No entanto, o que talvez mais tenha afetado o México duas décadas atrás, e hoje está voltando a ocorrer, é que as reformas de que o país necessita desesperadamente se veem diluídas ou descarriladas pelo México mau. Esse é o México assassino e criminoso, corrupto e abusador, injusto e bárbaro, onde reina a impunidade – e o império da lei só existe para quem pode pagá-lo.

O TLC entrou em vigor em 1994 e no mesmo ano explodiu uma rebelião armada em Chiapas, foram assassinados tanto o candidato presidencial do PRI como o secretário-geral do partido, e a economia ficou paralisada. Criticado por seus correligionários e pela opinião pública, o presidente Salinas se exilou, enquanto seu irmão Raúl, acusado de assassinato, foi encarcerado.

Os escândalos geram um ambiente tão venenoso como o dos piores momentos do Governo de Salinas

A mistura da má situação econômica com a avalanche de escândalos de corrupção envenenou o clima político e truncou as reformas. Ninguém acredita em ninguém, ninguém confia em ninguém. E o México mau se beneficia.

Duas décadas depois, a história se repete com inusitada precisão. Enrique Peña Nieto deixa perplexos os mexicanos e o mundo com as surpreendentes reformas que promove. Aumenta os impostos (o México é o país da Organização para a Cooperação e o Desenvolvimento Econômico que menos arrecada), promove uma lei antimonopólio mais dura, obriga a que haja mais concorrência na televisão e nas telecomunicações em geral e permite a entrada de empresas estrangeiras de petróleo e energia. Também manifesta a disposição de arrumar a Pemex, a corrupta petrolífera estatal. Sacode o desastroso sistema educacional, ao obrigar os professores a se submeter a avaliações e ao abrir a possibilidade de que sejam demitidos aqueles que não cumprirem os requisitos. Peña Nieto declarou guerra a muitos – e muito variados – interesses. Prendeu Elba Ester Gordillo, a até então intocável líder do sindicato dos professores, acusando-a de malversação e crime organizado; afetou os interesses, até então também intocáveis, do homem mais rico do mundo, Carlos Slim, assim como os da Televisa, o gigantesco conglomerado de mídia. E mais.

Em qualquer outro país, a população estaria aplaudindo um presidente que tenta fazer tudo isso. Não no México. Os mexicanos não acreditam que seu presidente esteja fazendo isso pelo bem do país. De novo, pensam que as reformas só beneficiarão os políticos e os ricos.

E alguns fatos recentes parecem confirmar suas piores suspeitas. O massacre de Iguala traz à tona a confabulação do Governo local com os narcotraficantes.

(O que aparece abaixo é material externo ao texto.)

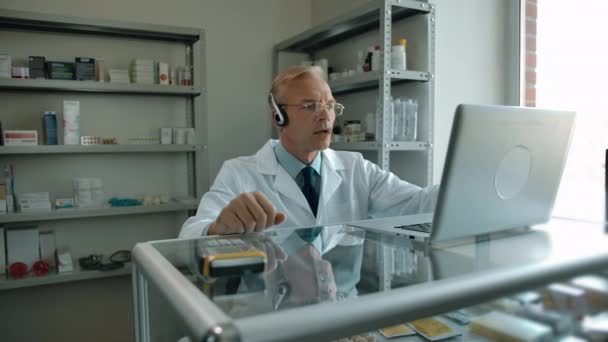 Volwassen man in headset van support consulting klanten over vaccin online — Stockvideo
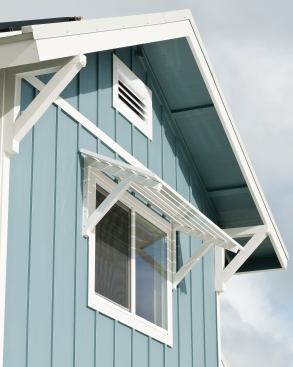 Deep overhangs and prefinished aluminum awnings shade interiors from Hawaii’s hot summer sun.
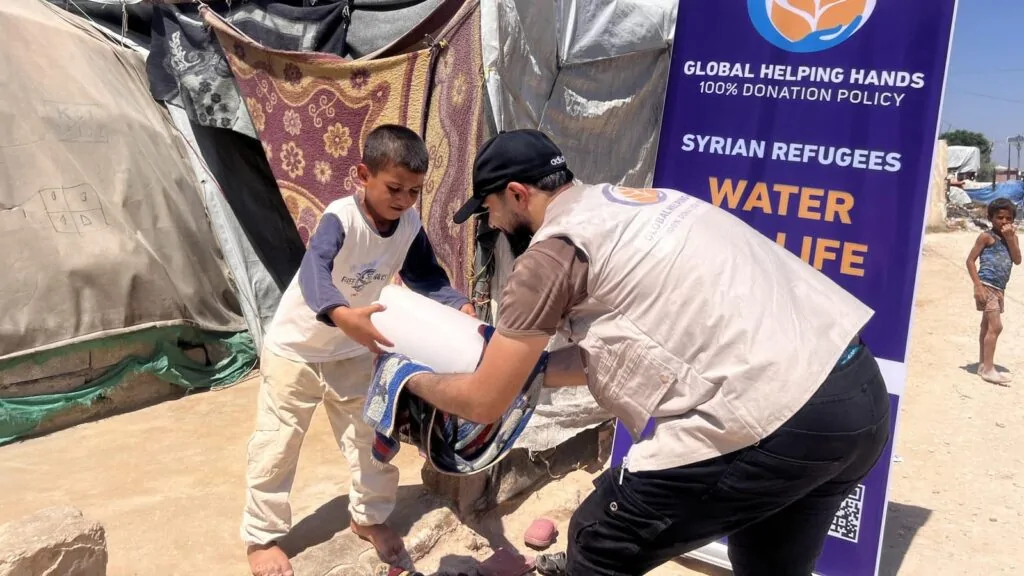Syrian Refugees Water Tanker photo, 1 of 2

A luxuosa mansão particular do casal presidencial foi comprada com a ajuda pouco transparente de empresas que se beneficiaram de contratos quando Peña Nieto era governador. E o Governo se vê obrigado a anular um contrato de 4,8 bilhões de dólares (12,5 bilhões de reais) para um trem de alta velocidade, depois da revelação de que a empresa chinesa ganhadora do contrato estava associada a companhias mexicanas vinculadas ao PRI.

Esses escândalos geraram um ambiente político tão venenoso como o que se respirava durante os piores momentos do Governo de Salinas.

Será que a corrupção e a criminalidade voltarão a fazer naufragar as reformas de que o México necessita? Será que o México bom poderá criar anticorpos que neutralizem o México mau? Em momentos como este é que um presidente pode se transformar em um líder histórico. Há um México bom, que é maioria e exige que o México mau seja enfrentado de forma implacável – e derrotado. Pulverizado. Esse México bom está procurando quem faça isso.

Será que Enrique Peña Nieto poderá se transformar no líder do México bom?